A lire absolument pour tous ceux que ces questions intéressent : l'interview de Roger Guesnerie, président de la commission à l'origine du fameux rapport, sur le site d'Alternatives Economiques. On en sort avec les idées beaucoup plus claires sur ce qui est proposé, et, dans mon cas, on n'envisagerait même de se laisser aller à une forme d'optimiste (vous noterez ma prudence...).


Je disais dans mon dernier billet que je préférais négocier avec Roger Guesnerie qu'avec Michel Pebereau.
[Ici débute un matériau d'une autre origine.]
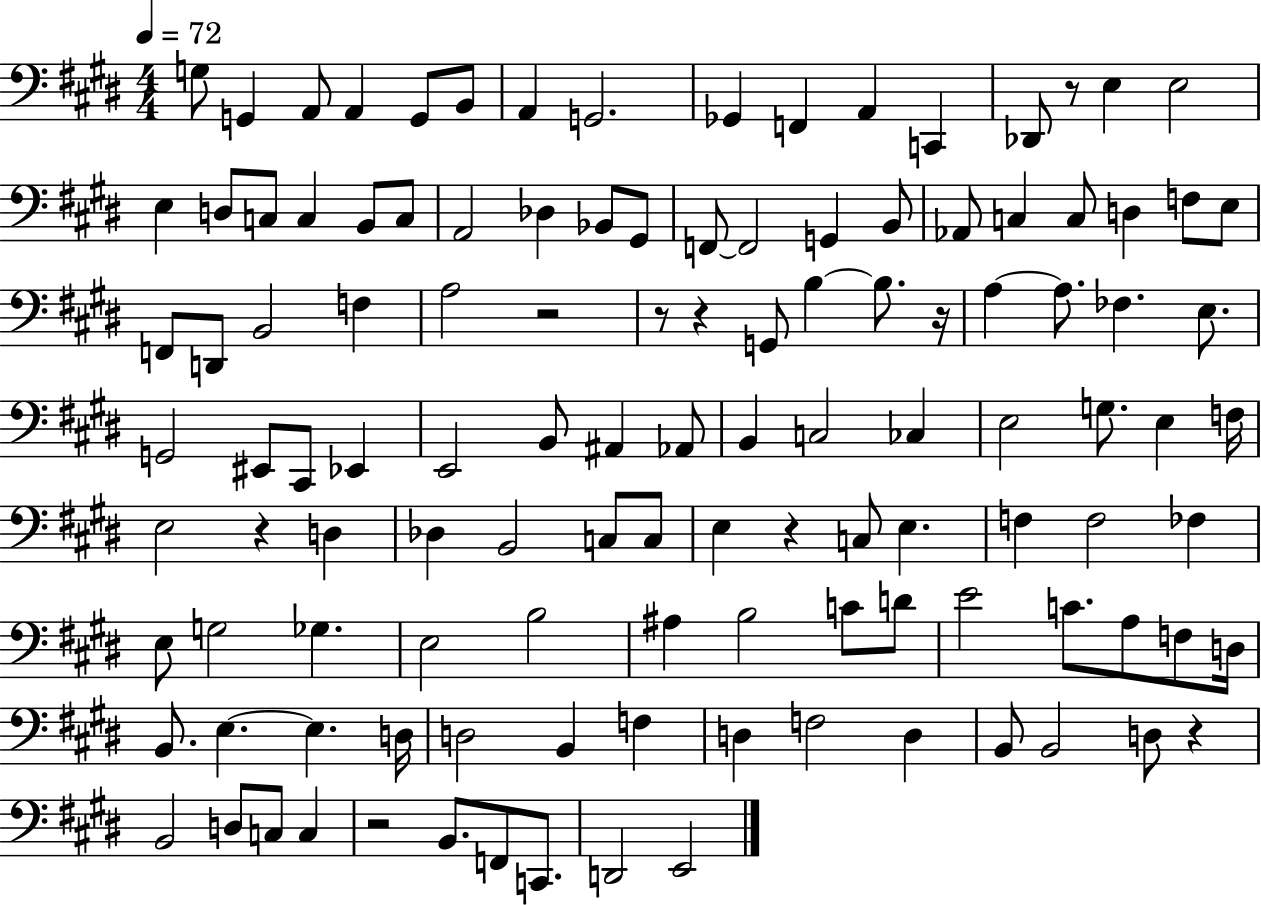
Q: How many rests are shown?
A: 9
Je pense que la simple comparaison entre les propos des deux hommes sur les sciences économiques et sociales suffit à expliquer pourquoi. Roger Guesnerie est un homme de science, mesuré, précis et connaissant bien le problème. Michel Pebereau, malgré ses compétences indiscutables en matière d'économie, n'hésite pas à adopter un discours beaucoup plus idéologique, sur le thème de la "négativité" de notre enseignement et s'avère n'avoir qu'une connaissance très partielle des SES. En adepte de la raison, de la discussion et de l'argumentation, mon choix n'est pas difficile à deviner.

Quelques extraits de l'interview qui font du bien dans un débat où, trop souvent, l'incompétence s'est disputé avec la mauvaise foi :

Si vous vous intéressez aux sciences sociales, c'est tout de même parce que ça permet de comprendre la société !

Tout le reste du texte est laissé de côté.